Определение авторитета
Но прежде всего, Церкви необходим был некий единый и универсальный авторитет, способный принимать решения: отбирать тексты для канона или сравнивать символы веры разных церквей и определять единое направление вероучения. Только Церковь, обладающая таким авторитетом, могла бы именоваться воистину вселенской. II столетие н. э. отмечено и значительным ростом авторитета христианских священнослужителей, и упорядочением их иерархии. К 200 году н. э. уже существовала единая Вселенская церковь, где как само собой разумеющиеся принимались три типа священнослужителя – епископ, священник и диакон; и в последующие тринадцать столетий этой схеме почти ничто не угрожало. Под вопрос ее поставила лишь Реформация XVI века: Лютер и его последователи в спорах о природе священства искали подтверждения каждый своим взглядам в древнейшей истории христианства, однако в результате так и не смогли прийти к удовлетворительным выводам. Рассмотрим, почему так произошло.
Церковь Иакова, брата Иисуса
Нет ничего удивительного в том, что в Иерусалимской церкви сразу после смерти Иисуса выдвинулся единый лидер – его брат Иаков. Он, по-видимому, председательствовал среди апостолов – как оставшихся членов Двенадцати, так и новых, заслуживших это именование. Кроме того, Иерусалимской церковью при Иакове управляла группа старейшин, по-гречески «пресбютерой» – слово, от которого происходит наше «пресвитер», а также (с полемическими обертонами) «Пресвитерианская церковь». Была еще и группа из семи диаконов: «диаконос» по-гречески означает просто «слуга». Соблазнительно увидеть в этом некий зачаток позднейшей трехступенчатой системы епископов, священников и диаконов.

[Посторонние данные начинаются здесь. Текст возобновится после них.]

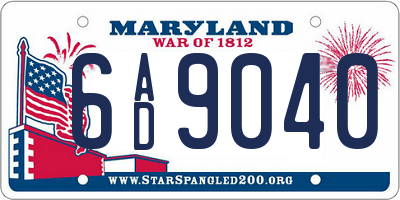 MD license plate 6AD9040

Подобную же картину наблюдаем мы в одном из древнейших центров христианства, Антиохии Сирийской, в конце I века, после значительного пробела в источниках. На этой стадии церковью в Антиохии управлял один лидер, надзиратель или епископ («эпископос»), совершенно как в иерусалимской общине, к тому времени уже рассеянной; это был Игнатий – что любопытно, человек с латинским именем (здесь стоит припомнить, что само слово «христиане», изобретенное в Антиохии, также латинского происхождения, см. с. 131). Игнатию также помогали пресвитеры и диаконы. Может показаться, что именно на этих примерах основана позднейшая иерархия Католической церкви; однако это – лишь малая часть истории.
Иерархия в древней Церкви
Антиохия и Иерусалим при построении своих иерархических моделей, по-видимому, ориентировались на Иерусалимский храм и храмовую иерархию – чего и следовало ожидать от христианских центров, столь тесно связанных с палестинским прошлым христианства. Но в других местах христианские церкви, возникшие главным образом стараниями Павла и его помощников, развивались в более эллинистическом окружении – поэтому в Деяниях и в различных посланиях мы встречаемся с самыми разными моделями священнослужения. Часто можно услышать о «харисматах» – дарах Духа Святого; эти дары достаются отнюдь не только апостолам, и контролировать их распространение бывает нелегко (см. с. 123–124). Павел и его последователи не раз перечисляют дары Святого Духа; сравнивая списки этих даров, например в 1 Кор 12 и в Еф 4, нетрудно заметить, что они различаются. Очевидно, речь идет не о жестких технических терминах, а о попытках «на ходу» организовать миссию, требующую постоянной импровизации, поскольку образцов для нее в прошлом практически нет.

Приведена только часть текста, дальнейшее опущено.